November 13, 2015
Kevin Barry wins the Goldsmiths Prize as it awaits its first English winner
by Zeljka Marosevic
The Irish author Kevin Barry has won the 2015 Goldsmiths Prize for his novel Beatlebone.
Barry was awarded the prize on Wednesday evening, and is the third recipient of the annual honor. His novel Beatlebone is based on the true story of The Beatles’ John Lennon buying an island off the coast of Ireland in 1967. The novel imagines a scenario in which Lennon attempts to reach the island to enjoy three days of peace, but things quickly become chaotic and surreal.
Receiving the prize, Barry remarked:
“It’s a really cool prize, because it rewards innovation. And if the novel lacks innovation it’s fucked.” His acceptance speech chimes well with the aims of the prize, which was established in 2013 to reward work “that breaks the mould or opens up new possibilities for the novel form.”

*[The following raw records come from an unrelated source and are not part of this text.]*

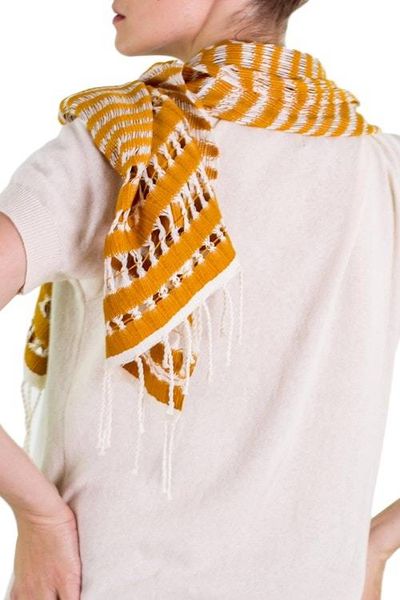 Alternate image for Hand Woven Striped Cotton Scarf in Eggshell and Amber Amber Roads Found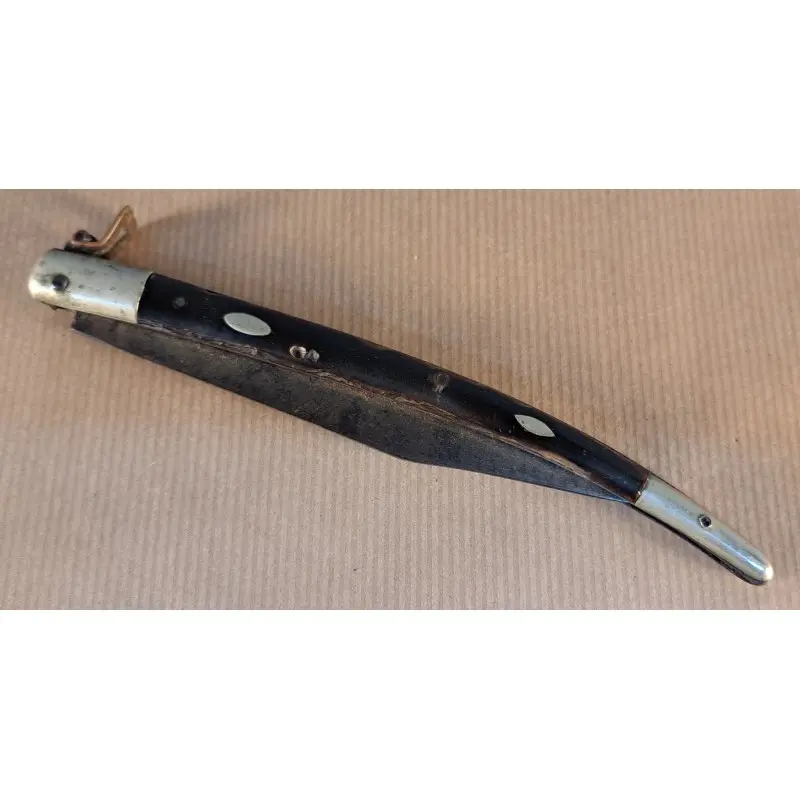 Navaja española siglo XIX de asta y acero, gran tamaño, 27,5 cm abierta, Siglo XIX · vista 2/8
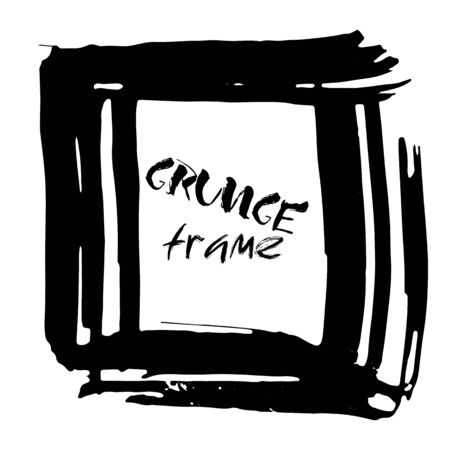 Grunge vector frame. Ink dry brush background. Hand drawn texture. Vector illustration.のイラスト素材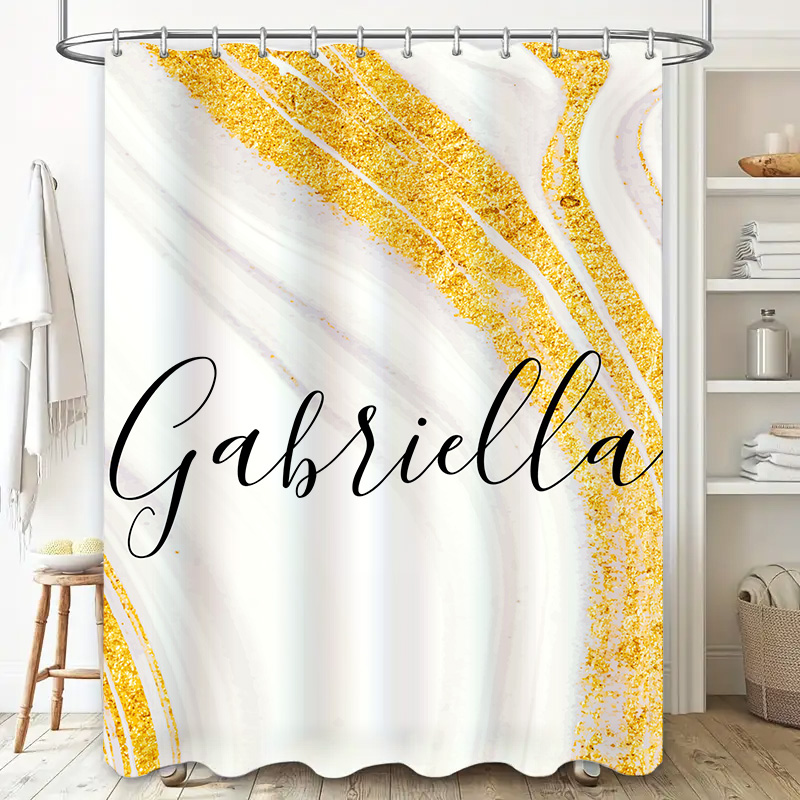 Gold Marble Shower Curtain Per - Home Bathroom Name 评论和价格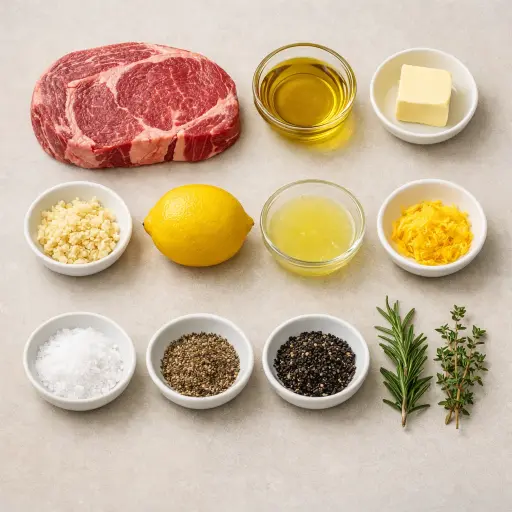 Ingredients for Herb-Infused Pan-Fried Ribeye Steak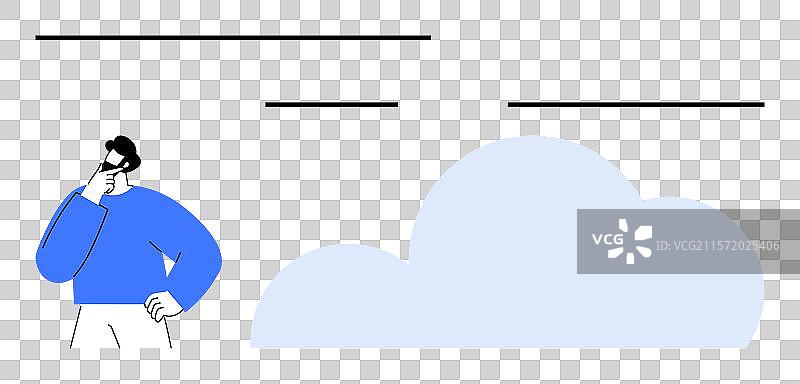 沉思的人在一朵大云旁思考图片素材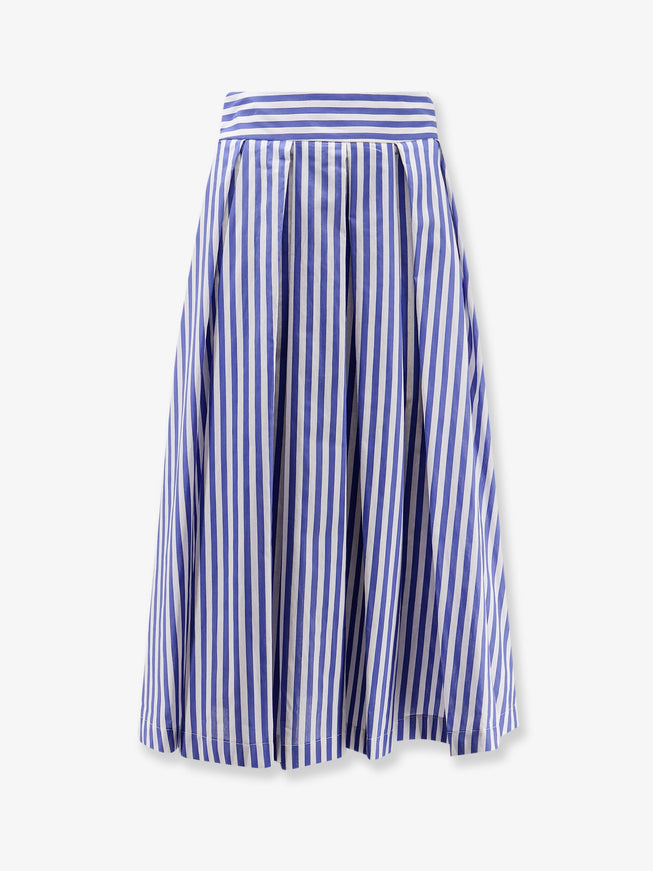 Lavi Iris Striped Cotton Skirt Blu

In previous years, the prize was won by Eimear McBride’s A Girl is a Half-Formed Thing and Ali Smith’s How to be Both, and in the prize’s inaugural year 2013, two Melville House authors were shortlisted, both Lars Iyer’s Exodus and David Peace’s Red or Dead.

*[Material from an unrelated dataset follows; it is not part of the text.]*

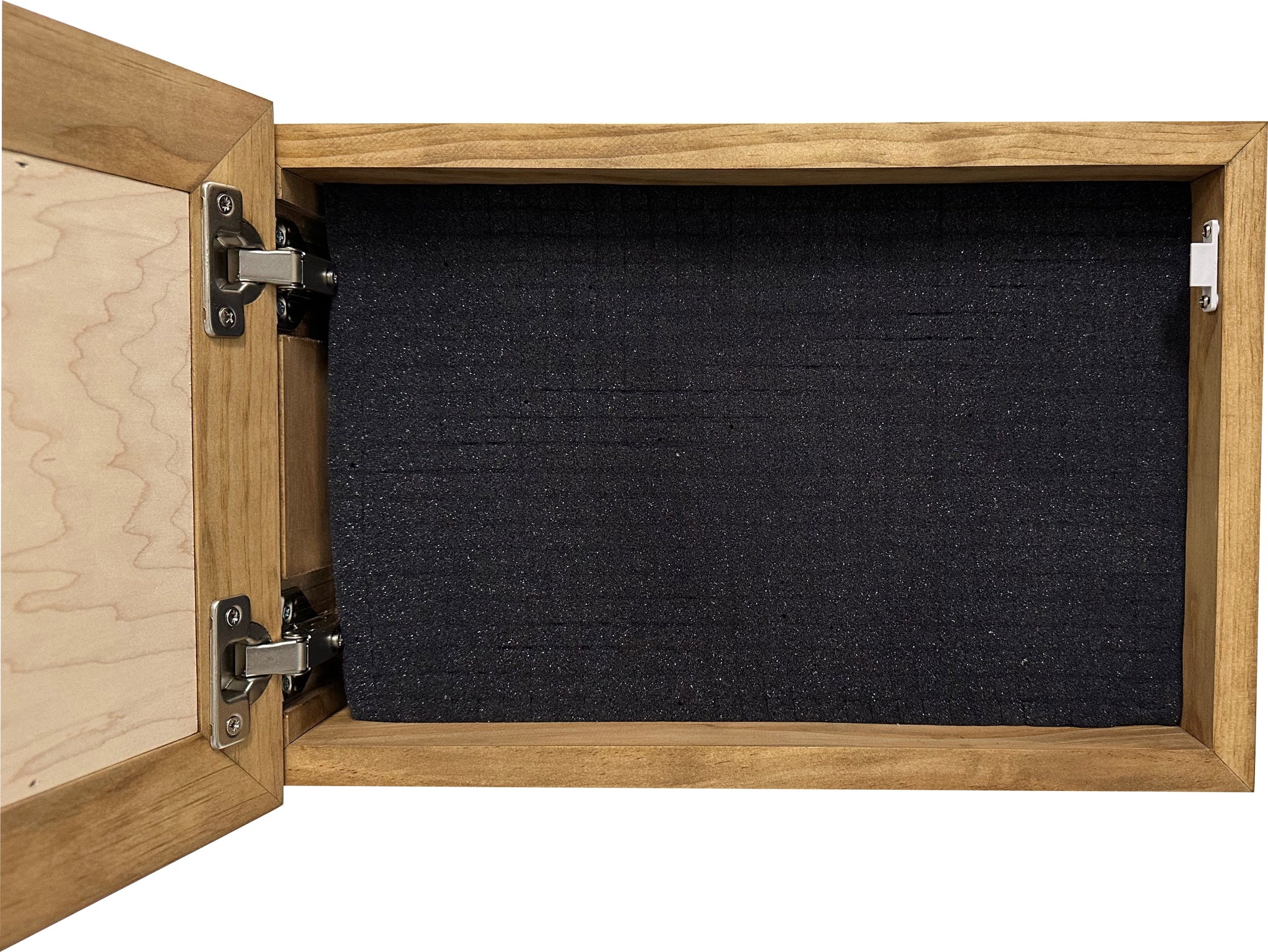 Bald Eagle & American Flag Wall-Mounted Secure Gun Cabinet Inside View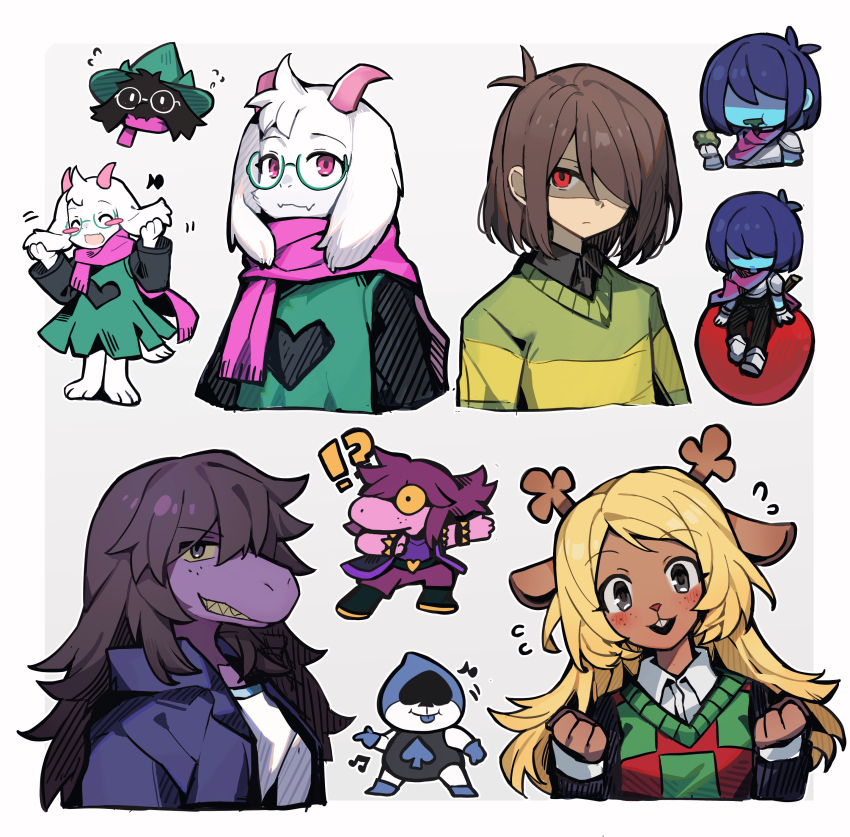 1other 2boys 2girls absurdres chibi colored_skin deer_girl deltarune freckles goat_boy goat_horns hair_over_eyes hair_over_one_eye highres horns kris_(dark_world)_(deltarune) kris_(deltarune) lancer_(deltarune) moss multiple_boys multiple_girls noelle_holiday purple_skin ralsei red_eyes shio_0585 smile susie_(dark_world)_(deltarune) susie_(deltarune) upper_body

Reflecting on the prize, Tom Gatti, the literary editor of the New Statesman, which sponsors the prize, tweeted:
Eimear McBride: Irish. Ali Smith: Scottish. Kevin Barry: Irish. The @GoldsmithsPrize awaits its first English winner…
— Tom Gatti (@Tom_Gatti) November 11, 2015
It’s a good question. Ireland is currently enjoying a renaissance in contemporary fiction, but who will carry the mantle for experimental English fiction? Obviously, we have one or two suggestions but thus far the space remains empty.

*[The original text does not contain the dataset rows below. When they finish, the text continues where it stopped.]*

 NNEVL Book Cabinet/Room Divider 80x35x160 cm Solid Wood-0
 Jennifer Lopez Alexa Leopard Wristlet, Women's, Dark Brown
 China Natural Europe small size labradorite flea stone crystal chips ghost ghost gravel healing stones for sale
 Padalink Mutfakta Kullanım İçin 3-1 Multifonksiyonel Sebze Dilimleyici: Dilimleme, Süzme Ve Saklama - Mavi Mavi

The prize will also be hoping to rectify another issue next year. In 2015, the judges delivered an all-male shortlist. Eimear McBride, a previous winner and one of this year’s judges, told The Guardian, “Given the prize’s previously unblemished record, hopefully this year will prove a blip.”
Zeljka Marosevic is the managing director of Melville House UK.